Movielect: a movie recommendation engine

Movielect is a movie recommendation algorithm that aides users in their search for a movie to watch. The user simply indicates the streaming services (ie. Netflix, Hulu) he/she has subscriptions to and a movie to watch. Movielect then suggests a movie and indicates on which of the accessible websites it can be found. The recommendation will be the exact movie, if it is part of the content available, or in most cases, the most similar film based on variety of features.
Right now, it appears that the algorithm works relatively well, as a majority of the recommendations make intuitive sense. This particular algorithm, because I didn’t have user ratings for a large percentage of the catelogue, employs a content-based model, and thus the suggestion and based solely on the movies’ characteristics. That makes Movielect ideal for one-situations, when no prior knowledge of the user is available. Finally, I overlayed an element of plot similarity upon my model. This either enhanced or hindered the quality of the recommendation, as highly relevant words within the plot were overweighted in their importance.
I began the project by building a comprehensive list of movie titles. The base of this list comes from the MovieLens dataset, which has titles, and other attributes, of over 24,000 movies. In order to make my list current, an additional set of recently released movies was added from Rotten Tomatoes. Next, I decided to focus on five subscription-based content providers, Netflix, HBO, hulu, Amazon, and Showtime. I webscraped the data from Showtime and some from HBO. Data from the other three websites was copied and pasted to Excel, and later read into Python. Finally, I fed the clean list of titles into the IMDB api to populate a dataframe consisting of over 27,000 titles and around 25 features, including the plot, actors, year of realease, genre, votes, among others.
At this point I began my exploratory data analysis, cleaning/normalizing my data and dealing with null values along the way. Below is a violin plot of the movies belonging to each sites’ content base plotted against the IMDB rating. The plot is overlayed with a swarm plot which plots every movie belonging to that service. As shown in the graph, Netflix has the most extensive collection of titles, but HBO as the best quality of content, followed by Amazon.
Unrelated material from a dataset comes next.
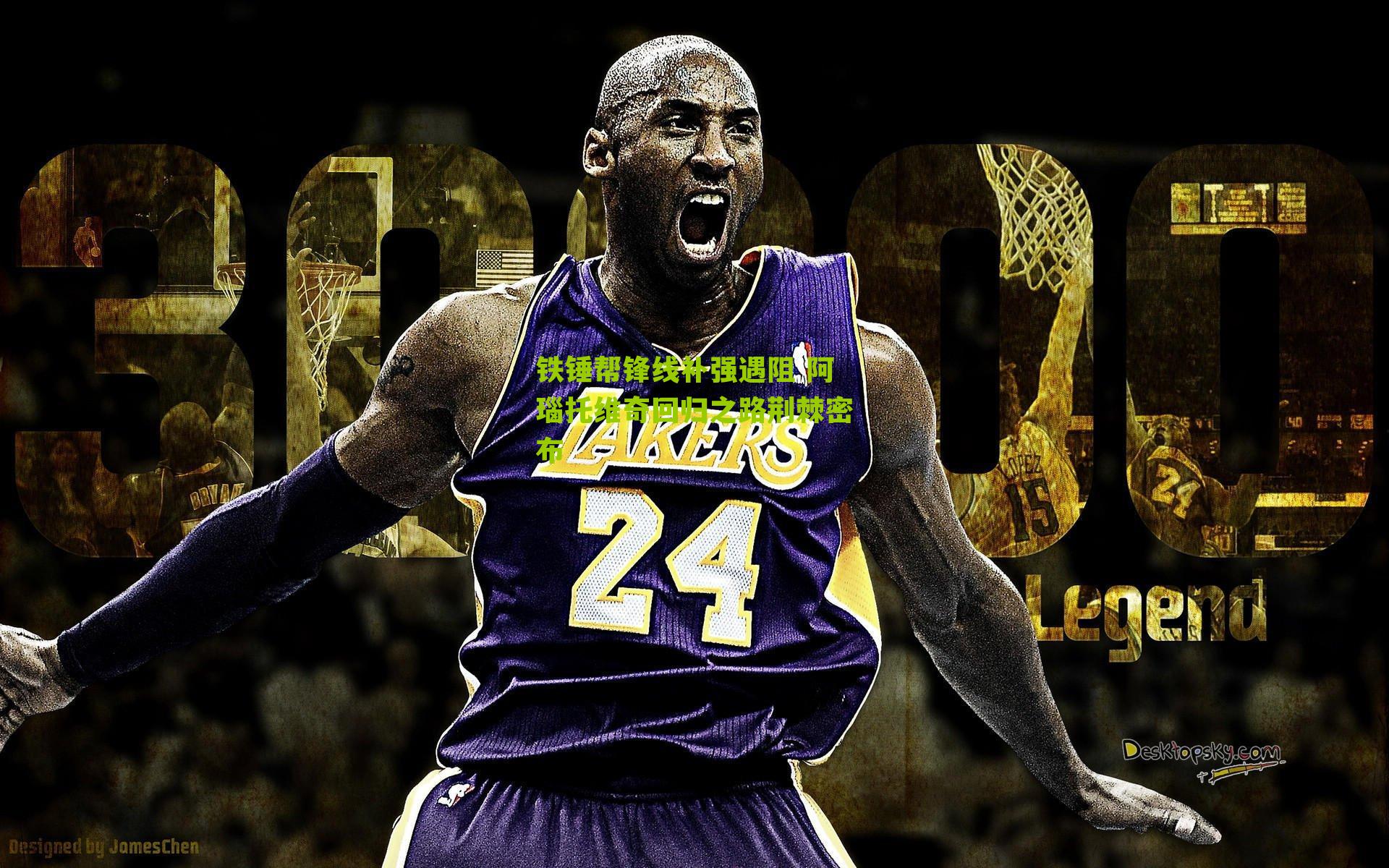 铁锤帮锋线补强遇阻 阿瑙托维奇回归之路荆棘密布-第3张图片-开云官网首页-足球篮球直播平台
I began with no missing values for IMDB rating (user ratings) but about 10% null values in Rotten Tomatoes meter (critics) and Rotten Tomatoes rating (users). I used a pair plot to visualize the three features together and noticed a very strong linear relation, so the missing values were imputed using a linear regression.

In the initial iteration of Movielect, the actor feature was dummified but I realized that the resulting matrix of features happened to be far too sparse leading to poor movie recommendation. In order to consolidate the features, I began engineering metrics that could utilized instead. In this instance, I used a ‘moviestar’ metric that quantified how many times the lead actor of a movie had appeared in all of the movies of the corpus. This scatterplot shows that the higher the moviestar quality, the greater the amount of votes (popularity) the movie has. The movies are further classified as an award winner or not. An award winning movie with a famous actor will likely have a large number of votes…not too surprising.

Here is a histogram of the movies classified my genre:

And by rating. Notice that before the 1970’s, films were rated on a different scale.

The memory-based model is a grid of the cosine distances between movies. Each movies’ features can be interpreted as a vector in the n-dimensional vector space, where the number of dimensions is equivalent to the number of dimensions. The higher the cosine distance between two vectors, the smaller the cosine angle between them. Thus, the two vectors (movies) are most similar as the cosine angle approaches 0 degrees and the cosine distance approaches 1.
An element of Natural Language Processing was added to the Movielect algorithm. I employed term frequency-inverse document frequency (tf-idf) on the entire corpus of plots as a weighting factor for the words in each plot. I then used dimensionality reduction (SVD method) to minimize the size of the matrix, while maintaining at least 75% of the variation, and allow for easier computation. The cosine distances between each of the plots was then computed in the same fashion as before.
The two grids were then added together, arbitrarily weighing the two equally. Here is a small example of how the model looks:

In this case I placed, what I intuitively felt were similar movies, next to one another. The red then, should be brightest near the diagonal line traversing the grid. In this example the horror and action movies were in fact the closest in the vector space. In some cases, however, the model just doesn’t work as well as I’d like. Because I am only returning one recommendation, it takes one film to jump over a group of more appropriate outcomes.
Some thoughts about improvement. I would like to incorporate collaborative filtering into the recommendation engine to build a hybrid model. This would allow for more novel recommendations that hone in on user behavior. My application could also create a class to build a user profile, thus avoiding the necessity to cold-start. A more comprehensive dataset with a greater amount of features would certainly help, as would a better way to incorporate plot similarity into my model.